Sudanese kinship, also referred to as the descriptive system, is a kinship system used to define family. Identified by Lewis Henry Morgan in his 1871 work Systems of Consanguinity and Affinity of the Human Family, the Sudanese system is one of the six major kinship systems (Eskimo, Hawaiian, Iroquois, Crow, Omaha and Sudanese).

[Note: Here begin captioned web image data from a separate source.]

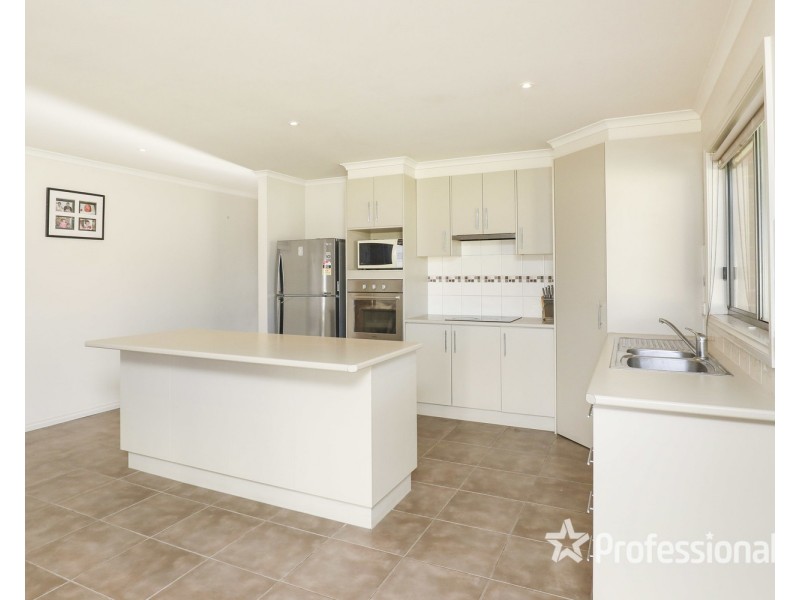 4 Madison Close, Mildura VIC 3500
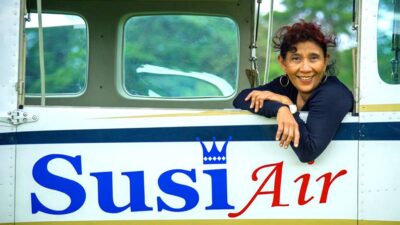 Ti Ngajual Lauk nepi ka Ngapung di Langit: Susi Pudjiastuti, Ratu Laut Anu Janten Panguasa Udara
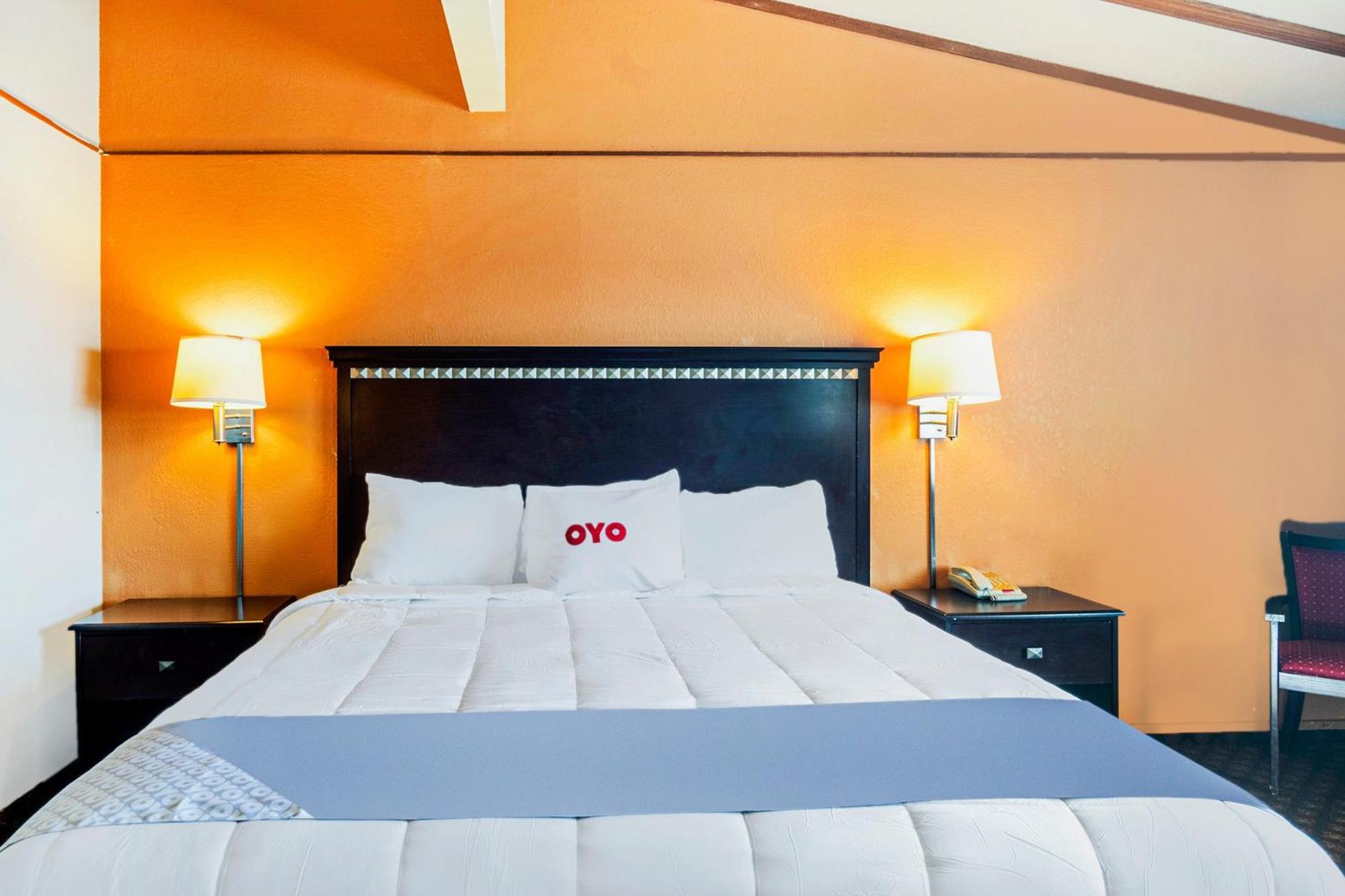 Oyo Townhouse Dodge City Ks Εξωτερικό φωτογραφία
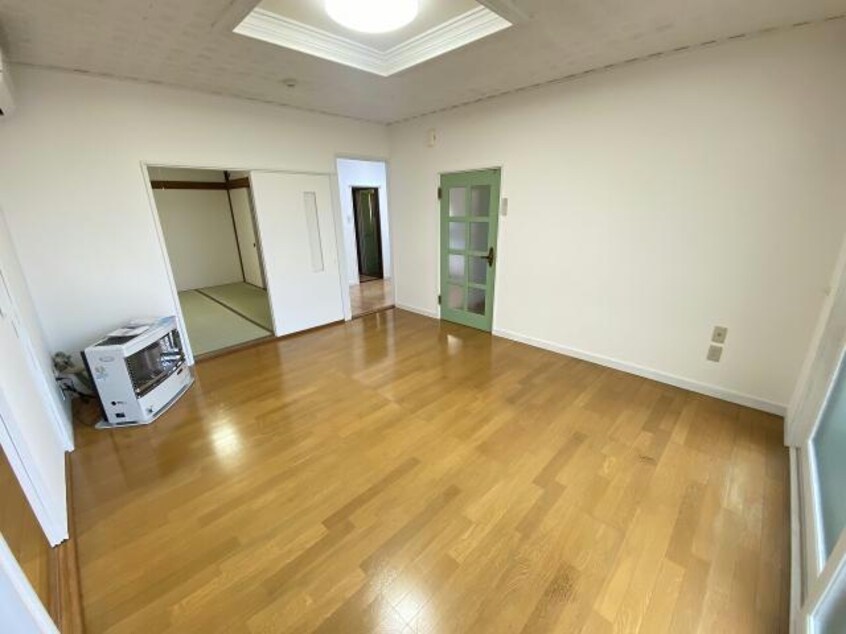  深堀町23番貸家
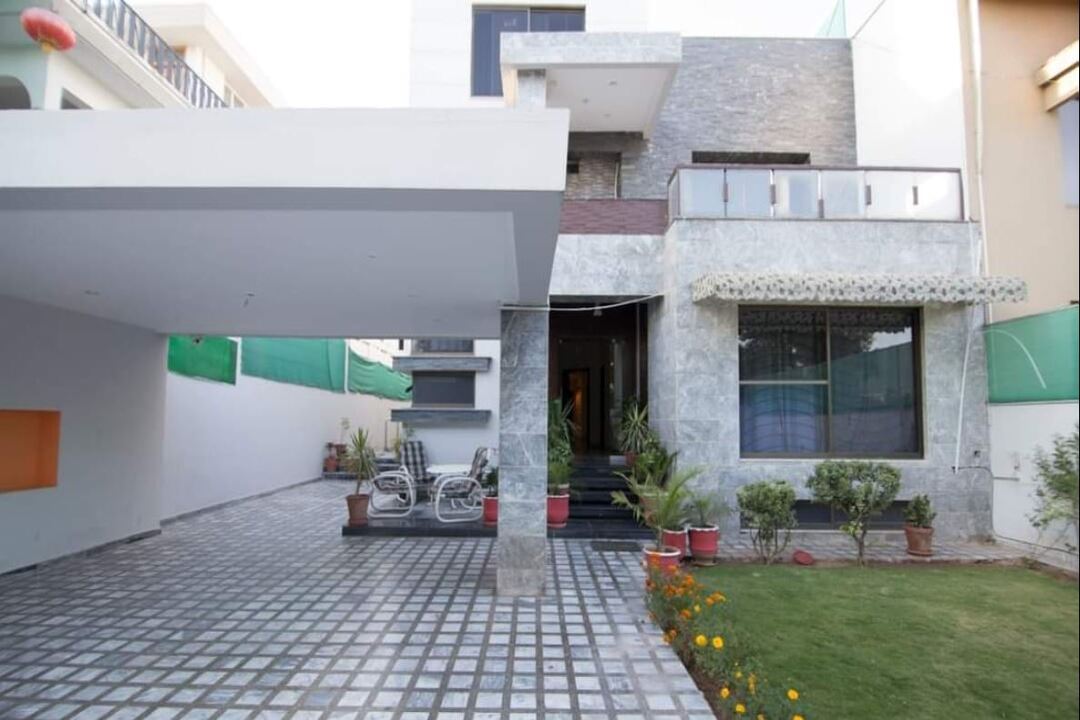 Millat Guest House, F-10 4 Islamabad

The Sudanese kinship system is the most complicated of all kinship systems.  It maintains a separate designation for almost every one of Ego's kin, based on their distance from Ego, their relation, and their gender. Ego's father is distinguished from Ego's father's brother and from Ego's mother's brother. Ego's mother is similarly distinguished from Ego's mother's sister and from Ego's father's sister.  For cousins, there are eight possible terms.

Usage
The system is named after the peoples of South Sudan.  The Sudanese kinship system also existed in ancient Latin-speaking and Anglo-Saxon cultures.  It exists today among present-day Arab and Turkish cultures. It tends to co-occur with patrilineal descent, and it is often said to be common in complex and stratified cultures.

Variants

Balkan kinships such as Bulgarian, Serbian, and Bosniak follow this system for different patrilinear and matrilinear uncles but collapse mother's sister and father's sister into the same term of "aunt" and Croatian and Macedonian further collapse the offspring of the uncles into one term.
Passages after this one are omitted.